Fece sempre parte della commissione Istruzione e Belle Arti, della quale fu anche vicepresidente nel corso della II legislatura repubblicana. Nel 1960 fu, insieme con Tristano Codignola e altri, tra i firmatari di una proposta di legge per la sistemazione a ruolo degli insegnanti.

Con la sua grande barba fluente Malagugini rappresentava una presenza inconfondibile tra i banchi di Montecitorio. Non gli dispiaceva offrire di sé, anche attraverso l’eloquio, l’immagine di un socialista d’altri tempi, non contaminato da segni di esteriore modernità. Tuttavia non si considerava un sopravvissuto politico e mostrava, al contrario, una grande determinazione nell’affrontare la battaglia politica in nome degli ideali che aveva abbracciato in gioventù.

Membro del comitato centrale del PSI, fece parte, dal 1949 al 1953, della direzione del partito.
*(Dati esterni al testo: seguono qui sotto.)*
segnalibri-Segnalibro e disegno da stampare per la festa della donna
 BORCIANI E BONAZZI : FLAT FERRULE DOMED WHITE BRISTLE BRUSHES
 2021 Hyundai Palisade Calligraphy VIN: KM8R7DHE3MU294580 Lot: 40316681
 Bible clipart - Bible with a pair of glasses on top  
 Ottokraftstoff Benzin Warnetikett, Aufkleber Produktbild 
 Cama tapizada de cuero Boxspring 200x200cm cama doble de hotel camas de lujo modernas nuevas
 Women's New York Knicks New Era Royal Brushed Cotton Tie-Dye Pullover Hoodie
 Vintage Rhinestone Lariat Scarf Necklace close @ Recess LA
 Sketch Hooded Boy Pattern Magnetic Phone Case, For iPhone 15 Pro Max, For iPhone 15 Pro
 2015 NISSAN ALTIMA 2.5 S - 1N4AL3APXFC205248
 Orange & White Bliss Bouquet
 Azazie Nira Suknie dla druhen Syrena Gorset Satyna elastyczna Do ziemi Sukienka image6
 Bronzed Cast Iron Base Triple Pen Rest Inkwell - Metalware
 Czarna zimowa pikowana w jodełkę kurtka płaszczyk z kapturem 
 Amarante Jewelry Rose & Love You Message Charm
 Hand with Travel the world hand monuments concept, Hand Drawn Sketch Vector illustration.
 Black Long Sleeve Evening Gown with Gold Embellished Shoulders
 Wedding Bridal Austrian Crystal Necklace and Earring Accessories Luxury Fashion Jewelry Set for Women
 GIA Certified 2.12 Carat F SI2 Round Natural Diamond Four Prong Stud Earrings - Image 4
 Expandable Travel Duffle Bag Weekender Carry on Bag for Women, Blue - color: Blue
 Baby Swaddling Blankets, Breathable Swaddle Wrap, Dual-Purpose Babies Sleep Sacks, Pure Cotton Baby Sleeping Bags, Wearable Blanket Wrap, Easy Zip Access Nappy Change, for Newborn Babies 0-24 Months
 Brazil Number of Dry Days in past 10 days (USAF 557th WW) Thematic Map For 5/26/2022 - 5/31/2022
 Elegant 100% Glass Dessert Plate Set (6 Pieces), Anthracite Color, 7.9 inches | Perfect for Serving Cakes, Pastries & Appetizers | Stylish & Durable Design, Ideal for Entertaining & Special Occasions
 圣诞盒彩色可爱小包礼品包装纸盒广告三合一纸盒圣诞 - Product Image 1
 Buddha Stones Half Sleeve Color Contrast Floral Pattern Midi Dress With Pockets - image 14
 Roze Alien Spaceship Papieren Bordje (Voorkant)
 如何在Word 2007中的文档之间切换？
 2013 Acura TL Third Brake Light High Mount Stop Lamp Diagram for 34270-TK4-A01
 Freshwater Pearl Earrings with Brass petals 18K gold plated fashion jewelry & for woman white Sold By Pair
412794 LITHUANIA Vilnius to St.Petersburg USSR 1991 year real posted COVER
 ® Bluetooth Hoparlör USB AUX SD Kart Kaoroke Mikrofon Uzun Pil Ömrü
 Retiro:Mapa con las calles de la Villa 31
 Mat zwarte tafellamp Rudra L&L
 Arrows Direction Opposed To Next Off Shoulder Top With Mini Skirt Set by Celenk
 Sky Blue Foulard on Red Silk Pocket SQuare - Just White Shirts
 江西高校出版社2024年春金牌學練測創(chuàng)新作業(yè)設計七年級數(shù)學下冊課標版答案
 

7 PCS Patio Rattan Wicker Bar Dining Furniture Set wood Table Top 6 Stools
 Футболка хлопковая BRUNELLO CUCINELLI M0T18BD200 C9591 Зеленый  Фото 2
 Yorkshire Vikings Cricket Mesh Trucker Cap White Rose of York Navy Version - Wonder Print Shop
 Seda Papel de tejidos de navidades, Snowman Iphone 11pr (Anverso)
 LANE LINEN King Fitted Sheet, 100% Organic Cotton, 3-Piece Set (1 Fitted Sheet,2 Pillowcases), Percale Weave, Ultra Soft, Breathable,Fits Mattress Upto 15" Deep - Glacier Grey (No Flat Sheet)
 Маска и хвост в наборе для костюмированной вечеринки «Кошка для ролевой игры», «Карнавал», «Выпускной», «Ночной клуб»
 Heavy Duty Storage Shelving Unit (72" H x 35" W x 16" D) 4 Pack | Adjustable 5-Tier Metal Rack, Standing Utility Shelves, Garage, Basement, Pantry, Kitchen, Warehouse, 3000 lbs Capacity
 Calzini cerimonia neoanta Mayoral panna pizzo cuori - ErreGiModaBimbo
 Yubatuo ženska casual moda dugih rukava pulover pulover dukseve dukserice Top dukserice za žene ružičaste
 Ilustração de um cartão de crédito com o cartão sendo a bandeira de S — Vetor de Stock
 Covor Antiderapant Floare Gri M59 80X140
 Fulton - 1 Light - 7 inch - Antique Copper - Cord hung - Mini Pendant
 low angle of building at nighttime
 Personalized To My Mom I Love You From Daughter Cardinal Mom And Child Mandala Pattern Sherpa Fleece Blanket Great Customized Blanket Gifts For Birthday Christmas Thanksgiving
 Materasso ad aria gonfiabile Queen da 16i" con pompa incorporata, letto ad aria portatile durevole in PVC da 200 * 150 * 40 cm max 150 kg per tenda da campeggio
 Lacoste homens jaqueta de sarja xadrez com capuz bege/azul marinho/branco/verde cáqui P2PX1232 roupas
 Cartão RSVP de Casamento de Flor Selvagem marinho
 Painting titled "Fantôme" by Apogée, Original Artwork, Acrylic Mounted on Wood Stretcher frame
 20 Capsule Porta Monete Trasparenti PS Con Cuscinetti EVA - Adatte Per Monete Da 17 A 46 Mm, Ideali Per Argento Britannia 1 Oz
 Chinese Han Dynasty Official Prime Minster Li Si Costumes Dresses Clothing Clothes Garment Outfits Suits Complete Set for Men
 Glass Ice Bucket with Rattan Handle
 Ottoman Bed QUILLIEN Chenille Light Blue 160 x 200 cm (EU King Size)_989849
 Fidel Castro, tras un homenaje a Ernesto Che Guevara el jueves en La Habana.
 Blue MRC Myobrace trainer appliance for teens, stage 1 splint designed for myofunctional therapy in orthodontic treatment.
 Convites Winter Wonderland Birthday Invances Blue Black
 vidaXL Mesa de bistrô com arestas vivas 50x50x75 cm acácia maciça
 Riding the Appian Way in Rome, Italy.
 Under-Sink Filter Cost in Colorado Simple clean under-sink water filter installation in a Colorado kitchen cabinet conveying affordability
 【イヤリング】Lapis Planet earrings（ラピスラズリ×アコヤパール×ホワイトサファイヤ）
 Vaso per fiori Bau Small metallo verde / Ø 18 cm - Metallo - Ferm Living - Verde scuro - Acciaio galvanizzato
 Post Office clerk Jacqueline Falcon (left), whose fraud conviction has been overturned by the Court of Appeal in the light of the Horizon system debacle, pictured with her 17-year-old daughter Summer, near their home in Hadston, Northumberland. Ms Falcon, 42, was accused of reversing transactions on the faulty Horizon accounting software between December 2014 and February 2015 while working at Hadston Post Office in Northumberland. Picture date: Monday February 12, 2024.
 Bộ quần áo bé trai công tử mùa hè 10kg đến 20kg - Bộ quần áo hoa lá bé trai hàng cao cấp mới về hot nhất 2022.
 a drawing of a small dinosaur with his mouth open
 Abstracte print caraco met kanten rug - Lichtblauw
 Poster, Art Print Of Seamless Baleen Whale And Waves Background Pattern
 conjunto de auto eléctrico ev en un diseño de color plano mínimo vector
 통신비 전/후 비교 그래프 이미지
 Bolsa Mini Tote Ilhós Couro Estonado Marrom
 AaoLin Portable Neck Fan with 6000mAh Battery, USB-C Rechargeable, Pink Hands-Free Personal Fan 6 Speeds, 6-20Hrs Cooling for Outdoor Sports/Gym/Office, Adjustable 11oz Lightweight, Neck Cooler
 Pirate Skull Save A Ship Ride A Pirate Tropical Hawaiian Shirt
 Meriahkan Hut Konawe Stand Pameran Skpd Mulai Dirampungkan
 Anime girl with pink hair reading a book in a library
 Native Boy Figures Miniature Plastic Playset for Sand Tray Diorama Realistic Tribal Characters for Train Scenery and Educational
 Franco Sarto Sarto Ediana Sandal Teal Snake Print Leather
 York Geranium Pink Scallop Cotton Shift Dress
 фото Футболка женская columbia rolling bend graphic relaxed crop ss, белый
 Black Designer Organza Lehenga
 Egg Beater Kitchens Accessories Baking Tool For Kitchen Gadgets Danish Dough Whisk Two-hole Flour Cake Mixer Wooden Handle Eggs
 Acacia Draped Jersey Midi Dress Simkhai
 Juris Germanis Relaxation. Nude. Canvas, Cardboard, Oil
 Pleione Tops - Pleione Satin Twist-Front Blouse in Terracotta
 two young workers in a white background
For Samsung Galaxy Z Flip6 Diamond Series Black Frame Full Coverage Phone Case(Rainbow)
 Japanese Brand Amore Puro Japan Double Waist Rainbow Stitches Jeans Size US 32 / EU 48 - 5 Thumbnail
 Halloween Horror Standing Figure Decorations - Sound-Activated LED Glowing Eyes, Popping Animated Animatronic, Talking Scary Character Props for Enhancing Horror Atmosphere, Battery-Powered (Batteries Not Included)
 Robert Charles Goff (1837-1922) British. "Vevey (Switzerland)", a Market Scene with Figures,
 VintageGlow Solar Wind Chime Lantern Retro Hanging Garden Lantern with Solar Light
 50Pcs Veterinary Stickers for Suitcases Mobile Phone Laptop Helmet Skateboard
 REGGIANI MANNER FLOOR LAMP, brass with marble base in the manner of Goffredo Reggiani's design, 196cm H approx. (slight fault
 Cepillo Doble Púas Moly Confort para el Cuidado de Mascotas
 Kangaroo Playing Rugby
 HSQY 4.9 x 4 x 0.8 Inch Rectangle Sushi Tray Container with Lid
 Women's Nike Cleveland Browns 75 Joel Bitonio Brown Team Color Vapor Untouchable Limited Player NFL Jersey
Schierato con la sinistra interna di Tullio Vecchietti, Dario Valori, Lucio Luzzatto ed Emilio Lussu che avversava la linea autonomista di Pietro Nenni, nel comitato centrale del 14 novembre 1956, all’indomani dei fatti d’Ungheria, fu il solo a votare contro la mozione per l’unificazione con i socialdemocratici di Giuseppe Saragat.

Per Malagugini il PSI avrebbe dovuto confermare la politica di classe e unitaria, intesa non solo come collaborazione con il Partito comunista italiano (PCI), ma soprattutto come tendenza a un partito nuovo in grado di guidare le lotte del mondo del lavoro contro la società capitalistica e per il socialismo.

Fu perciò nettamente contrario al coinvolgimento dei socialisti nella politica di centrosinistra, e promosse, insieme con i citati esponenti della sinistra interna, la scissione da cui il 10 gennaio 1964 nacque il Partito socialista italiano di unità proletaria (PSIUP).

Al I congresso del PSIUP, svoltosi a Roma dal 16 al 19 dicembre 1965, pronunciò un discorso di commiato, pieno di amarezza e di risentimento nei confronti del PSI, ma anche di soddisfazione per il fatto che anziani militanti come lui “giunti in prossimità del traguardo finale” si sentissero “circondati da stima e dall’affetto di tanti compagni” pronti a raccoglierne l’eredità.

Alcide Malagugini morì a Milano il 24 dicembre 1966.